Janine flushed, then laughed as she saw Boucher was laughing at her.

‘People grow up,’ she said.

‘Not me,’ he said. ‘Not if I can help it.’

‘What are you doing, Miche?’

‘I’m not sure,’ he said. ‘I thought somehow, when this lot started, I’d be fighting the Boche, slate wiped clean sort of thing. But the first flic who recognized me came charging after me waving his cuffs! So I’ve had to keep my head down. It’s been a bit rough, but it’ll get sorted sooner or later I don’t doubt.’

‘Haven’t you got anywhere to stay?’ asked Janine sympathetically.

‘No. Well, I was all right at first. I shacked up…I mean lodged with an old friend. Arlette la Blonde, stage name, does an exotic dance at the Golden Gate, I don’t expect you know her. Well, that was all right, only a few days back, they opened up again and well, late hours and that, it wasn’t convenient, you know these show people…’

He tailed off as he realized that this time she was laughing at him.

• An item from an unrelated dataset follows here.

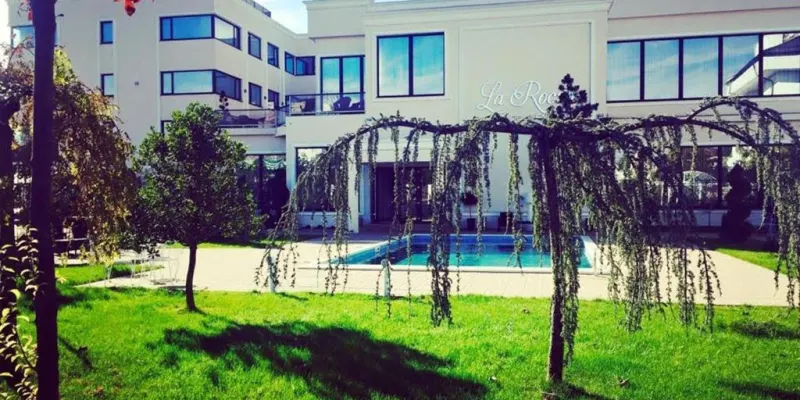 La Rocca Boutique, foto 2 de 71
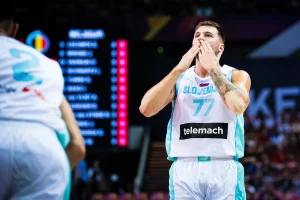 Πρώτη νίκη για τη Σλοβενία στο Ευρωμπάσκετ με τριπλ νταμπλ του Λούκα Ντόντσιτς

‘You mean she brings friends back for the night and they don’t care to find your head on the pillow already!’

‘Yeah, that’s it,’ he said grinning. Then he stopped grinning.

‘I could have hung on there, slept days. Only I found she was bringing back Krauts! That really got up my nose! So I slung my hook.’

‘You won’t have to be so choosy, Miche. Not now they’re our friends.’

‘Friends? What do you mean?’

‘Haven’t you heard? It was on the radio this morning. An armistice was signed yesterday.’

‘Armistice? Signed by who? Not by the Marshal! He’d not sign an armistice with these bastards. Not the Marshal.’

‘Yes,’ said Janine. ‘Pétain signed it. At Compiègne. In the same railway carriage.’